About Quit India Movement Day
- Every year Quit India Day is observed on August 8 to commemorate the occasion.
- This year marks the 81st anniversary of the event.
What is the Quit India Movement?
- The Quit India Movement, also known as the August Movement or Bharat Chodo Andolan, was a significant civil disobedience movement launched by Mahatma Gandhi and the Indian National Congress on August 8, 1942 at Gowalia Tank Maidan also known as August Kranti Maidan in Bombay.
- On this day, August 8th, in 1942, Gandhi gave the famous "Do or Die" speech, urging the Indian people to act decisively and nonviolently against British rule.
- While factors leading to such a movement had been building up, matters came to a head with the failure of the Cripps Mission.
- The failure of the Cripps Mission made Gandhi realise that freedom would come only if Indians fought tooth and nail for it.
- The movement aimed to demand an end to British colonial rule in India and achieve full independence.
- Mass Protests:
- The movement saw widespread protests, strikes and acts of civil disobedience across the country.

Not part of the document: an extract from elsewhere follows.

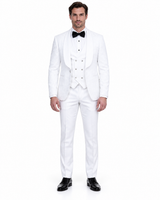Groom Suit - White Wedding Tuxedo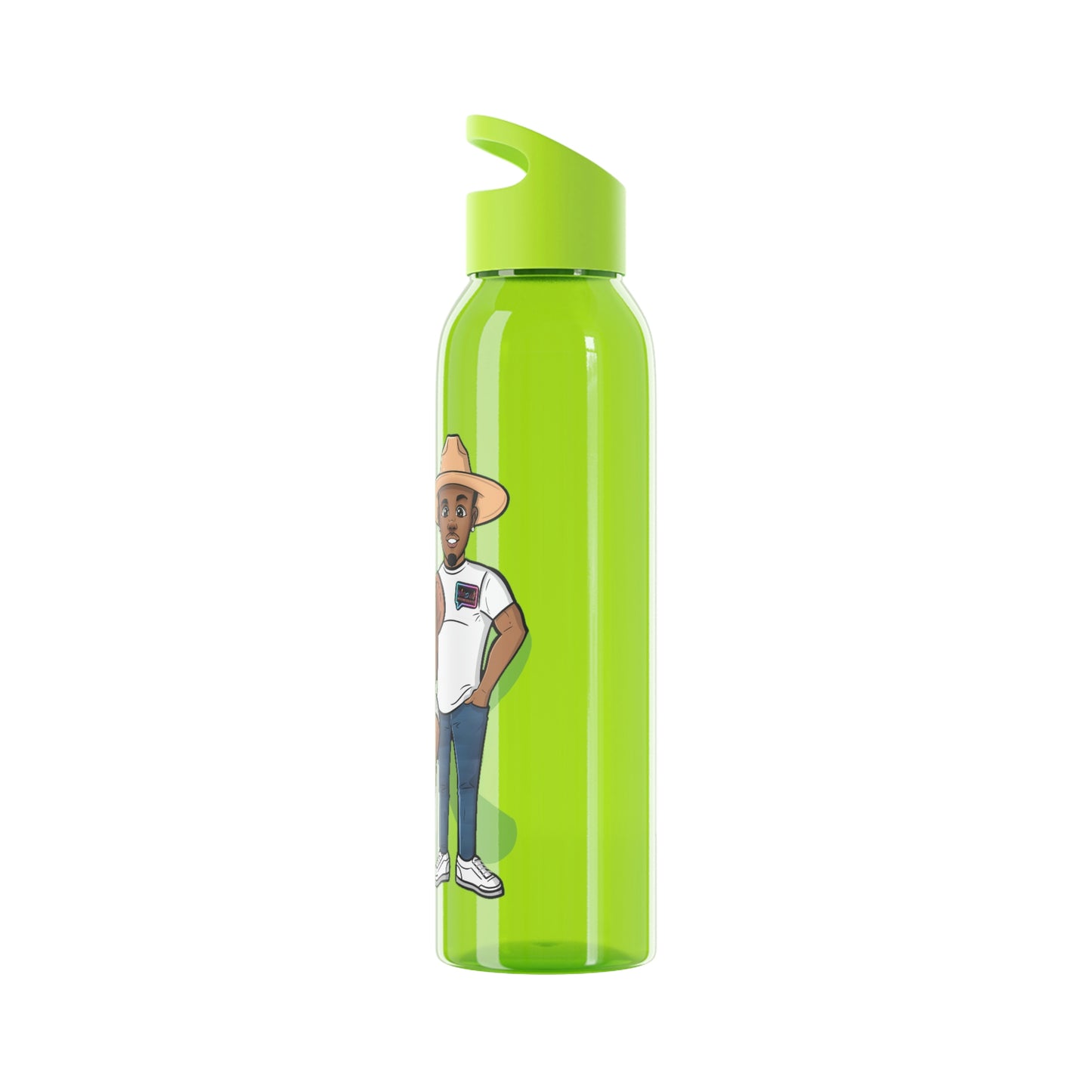 "Henry and Wordy Bear" Sky Water Bottle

- People participated in marches, demonstrations, and various forms of nonviolent resistance.
- Women played a vital role in the Quit India Movement, displaying immense courage and leadership.

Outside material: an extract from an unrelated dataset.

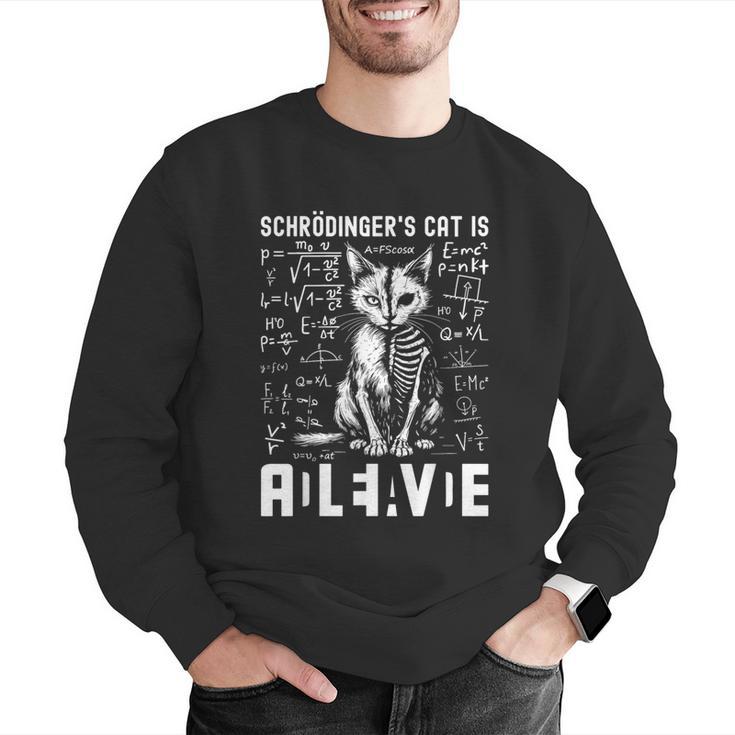 Schrodinger's Cat Dead And Alive Physics Teacher Men Graphic Sweatshirt, funny gift Schrodinger's Cat Dead And Alive Physics Teacher Men Graphic Sweatshirt, funny gift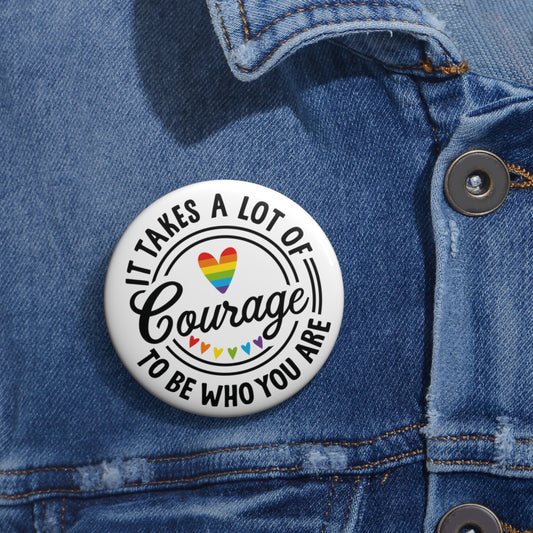 Courage Pin - Fandom-Made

- During the movement, parallel governments were set up in Ballia (Uttar Pradesh), Satara (Maharashtra), Tamluk (West Bengal), and Talcher (Odisha).

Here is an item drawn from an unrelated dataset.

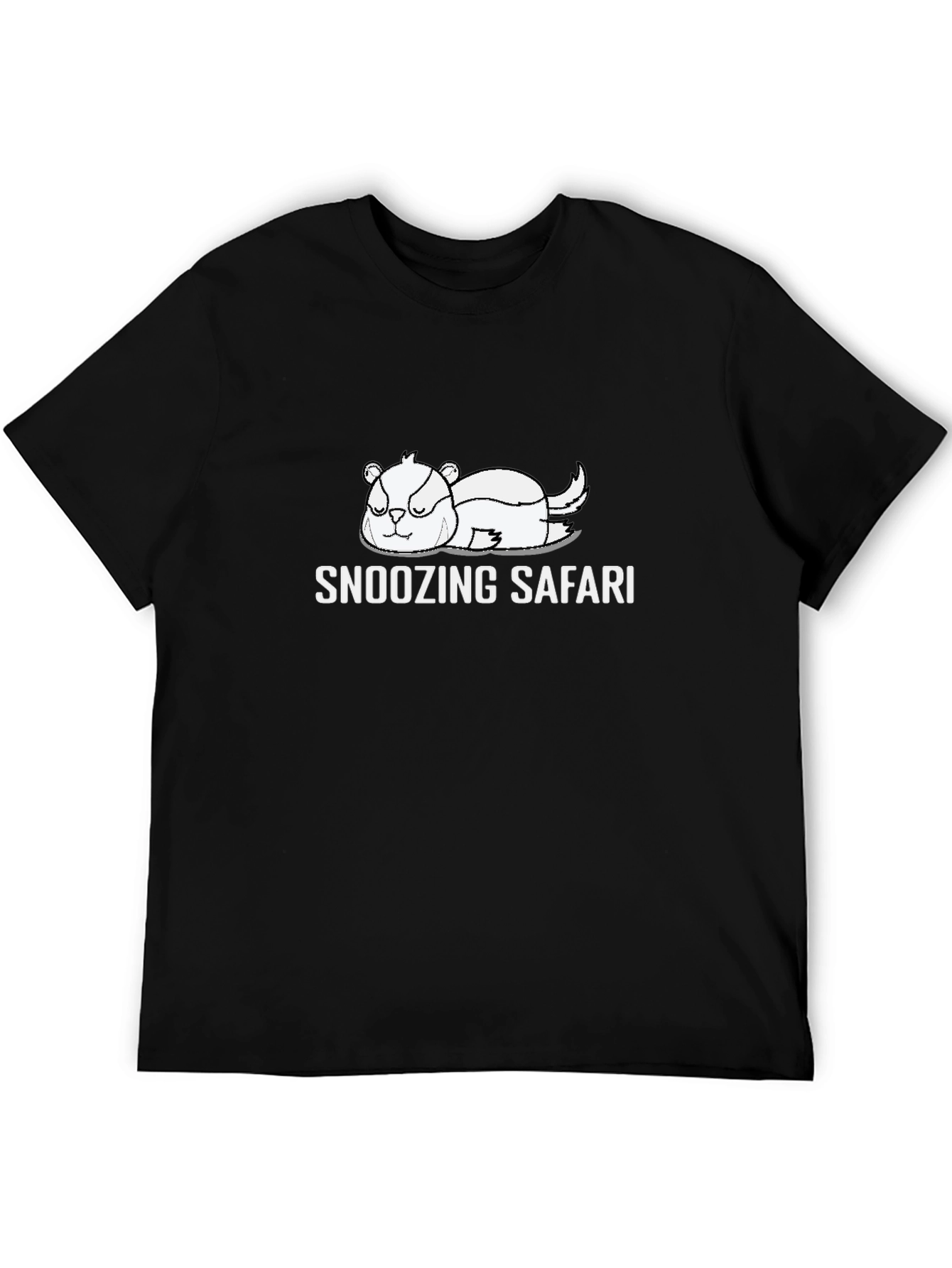 Snoozing Safari Graphic Tee - Relaxed Fit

- Numerous arrests were made following the protest. Many top leaders of Congress, including Mahatma Gandhi, Jawaharlal Nehru and Sardar Vallabhbhai Patel, were also arrested.
Q1) What is the Cripps Mission?
The Cripps Mission refers to a diplomatic initiative sent by the British government to India in March 1942, during World War II. The mission was led by Sir Stafford Cripps, a senior British politician and government minister. The primary objective of the Cripps Mission was to secure India's support for the British war effort in exchange for self-governance and political concessions.